L’OEIL DE L'ARCHITECTE

L’OEIL DE L'ARCHITECTE

Laszlo Horvath

Rencontre avec le photographe Laszlo Horvath entre Paris et Budapest

À peine arrivée à Paris, j’ai rencontré l’auteur d’un livre fraîchement édité, un livre magnifique : Le Corbusier vu par Laszlo Horvath.

Laszlo Horvath a l’esprit créateur, qu’il s’agisse de ses photographies ou de ses films documentaires. Il nous fait découvrir quelques grandes personnalités du monde littéraire et artistique comme Roger Martin du Gard, Jacques Copeau, ou Vera Molnar.
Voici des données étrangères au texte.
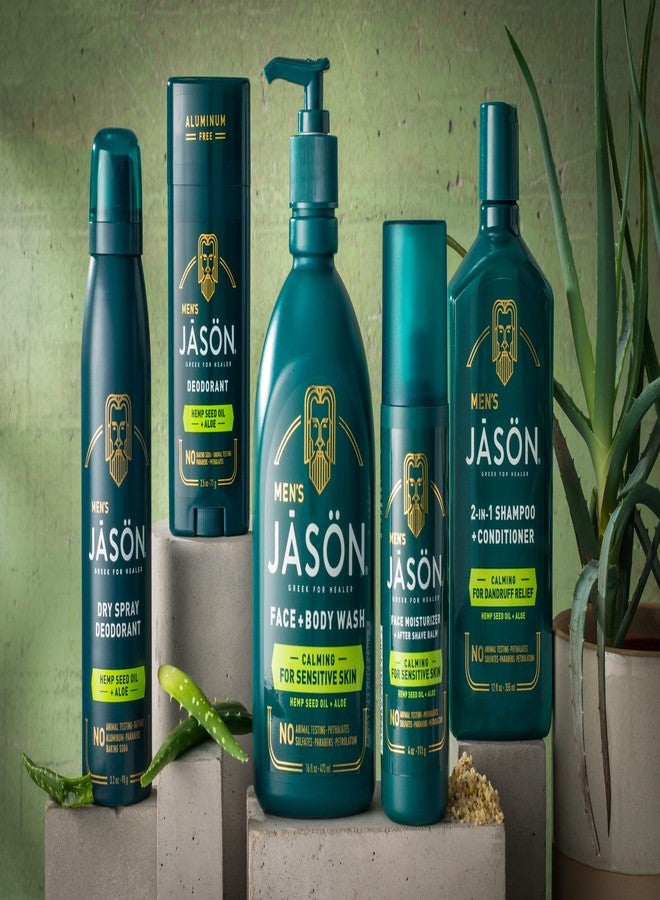 Jason Men's Calming 2-in-1 Shampoo and Conditioner, 12 oz - Image 2
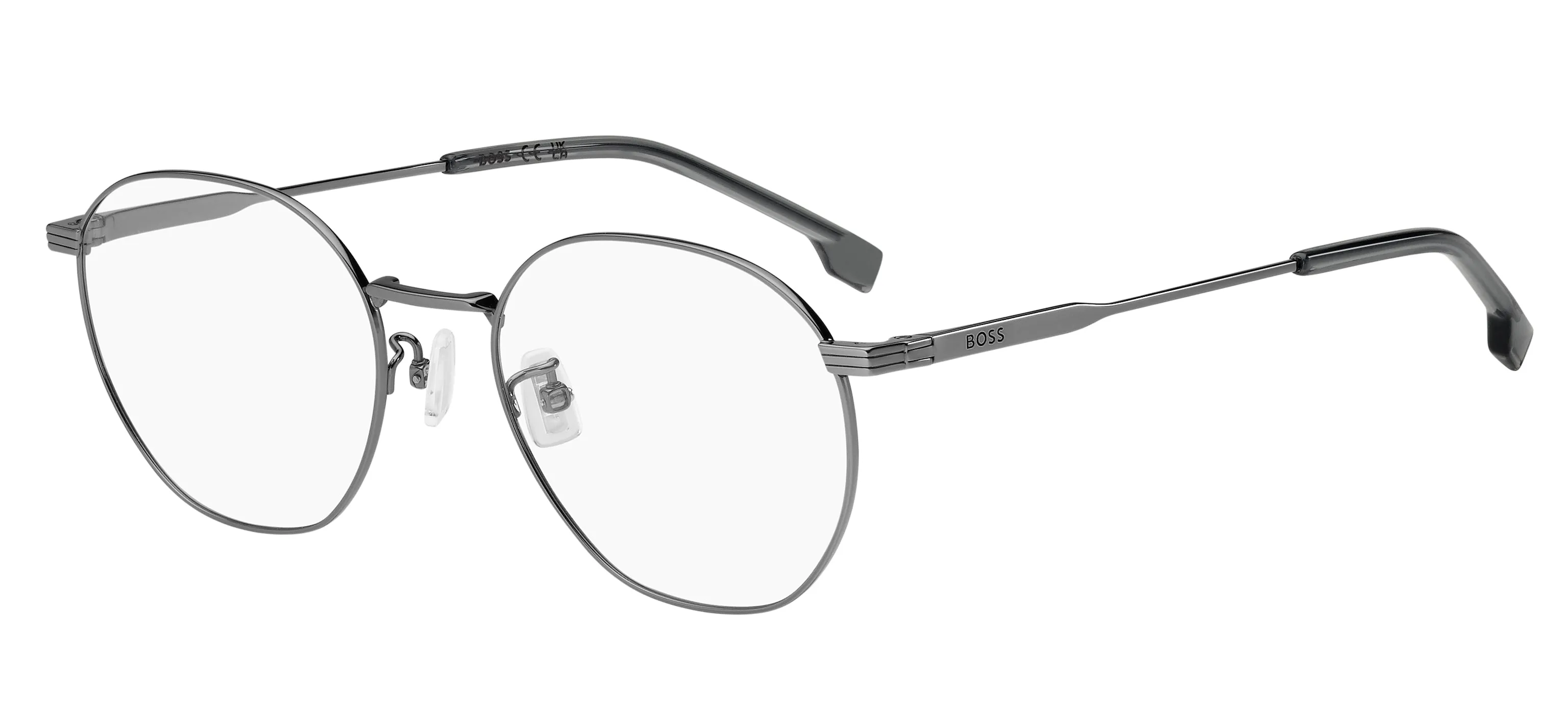 Hugo Boss BOSS 1797/F KJ1 Montature da vista Titanio Rutenio Pantos Normale - immagine 1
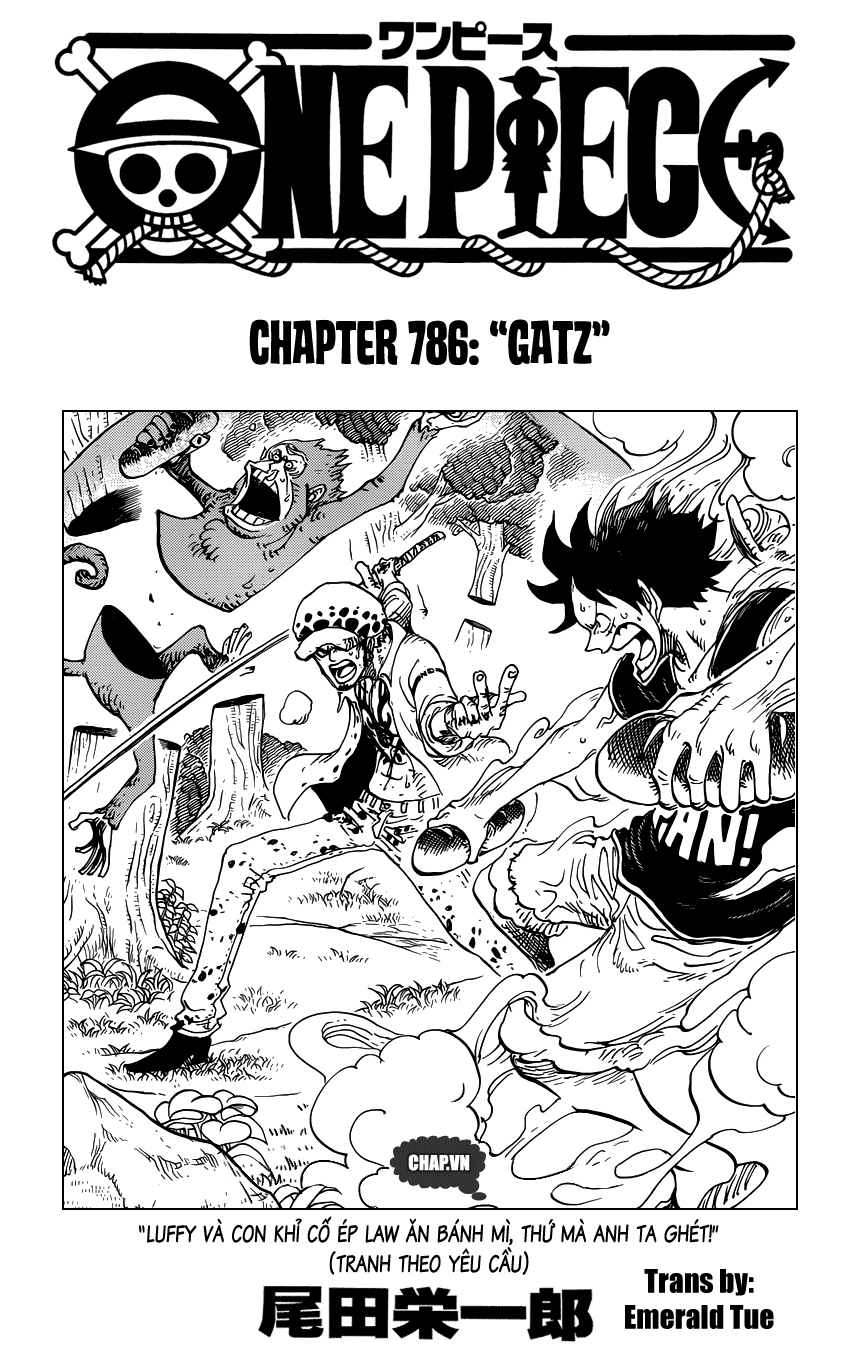 One Piece - Chương 786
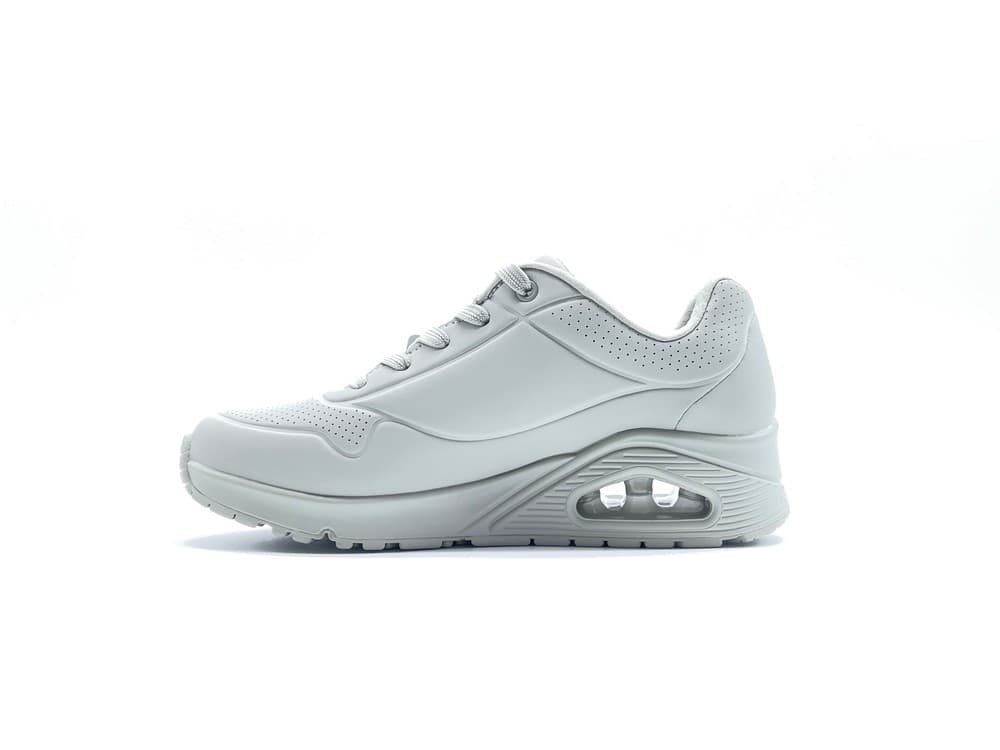 SKECHERS Street bianco latte STAND ON AIR in Sneaker casual Calzature Durello - Agna, commercioVirtuoso.it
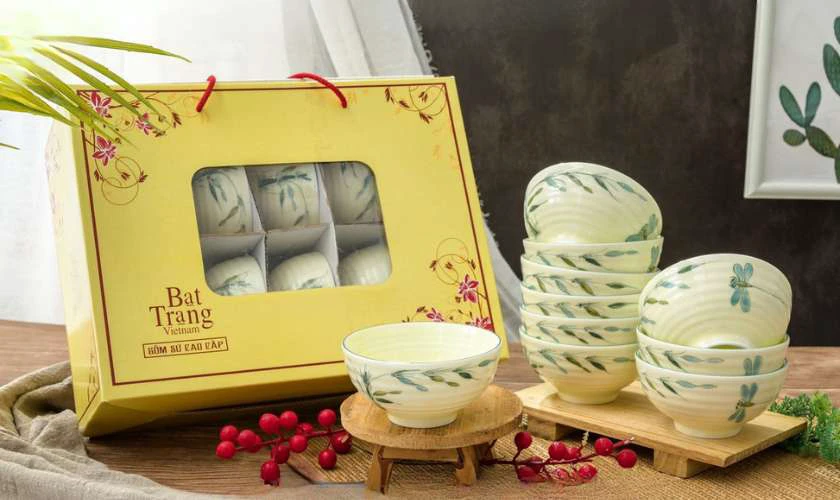 Bộ ch&eacute;n đũa cao cấp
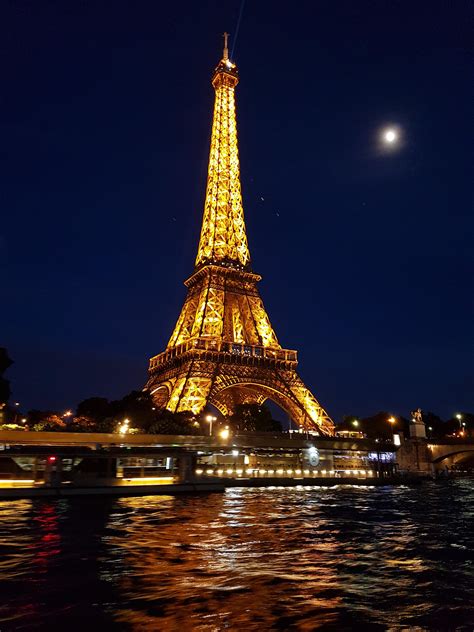 The Beautiful Eiffel Tower Photo Taken By Me On My Trip To Paris R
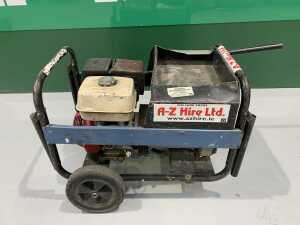 SDMO Sincro EW200DC Portable Petrol Welder/Generator - 2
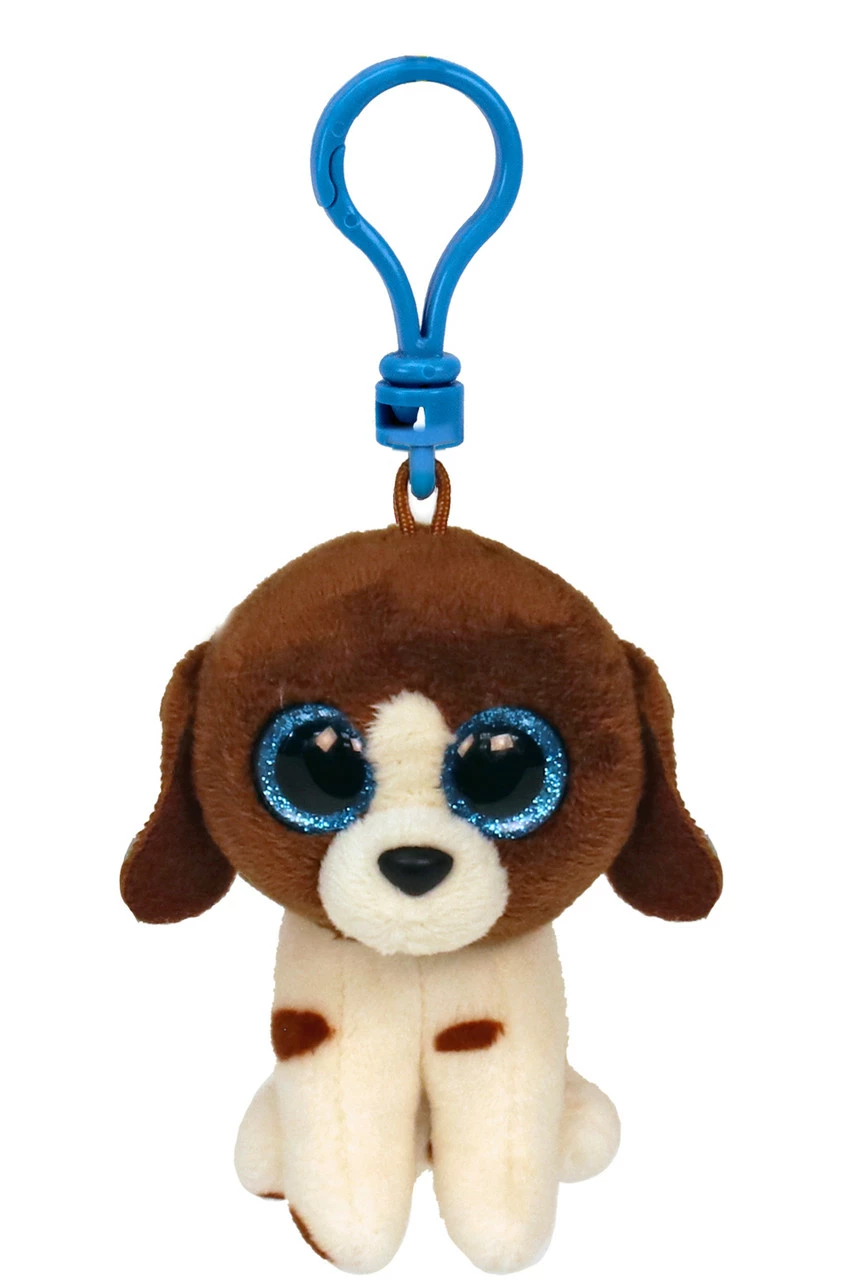 Ty Beanie Boos Clip Muddles Dog 3 Ty Beanie Boos Clip Muddles Dog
On connaît les images de Lucien Hervé : Le Corbusier vécu. Laszlo Horvath a pris le relais.  À travers son dernier livre, nous découvrons autrement l’univers de Le Corbusier.

Laszlo Horvath

JFB : Cher Laszlo, quel est le secret pour nous faire entrer dans cet univers ? 

Laszlo Horvath : En fait, il ne s’agit pas tellement de secret, c’est plutôt le hasard qui fait bien les choses. Il y a une quinzaine d’années, j’ai accompagné Vera Molnar au couvent de la Tourette où elle participait à une exposition. C’était le premier site Le Corbusier que j’ai visité et photographié grâce à un frère dominicain, historien d’art, ami proche de Vera, et qui est également devenu mon ami par la suite. 

Laszlo Horvath

Depuis, j’ai photographié six autres sites de l’architecte. L’année dernière, j’ai eu une exposition personnelle avec des images de l’ensemble de ces sites à la Maison La Roche à Paris, qui est aussi le siège de la Fondation Le Corbusier. L’idée du livre est née pendant cette exposition.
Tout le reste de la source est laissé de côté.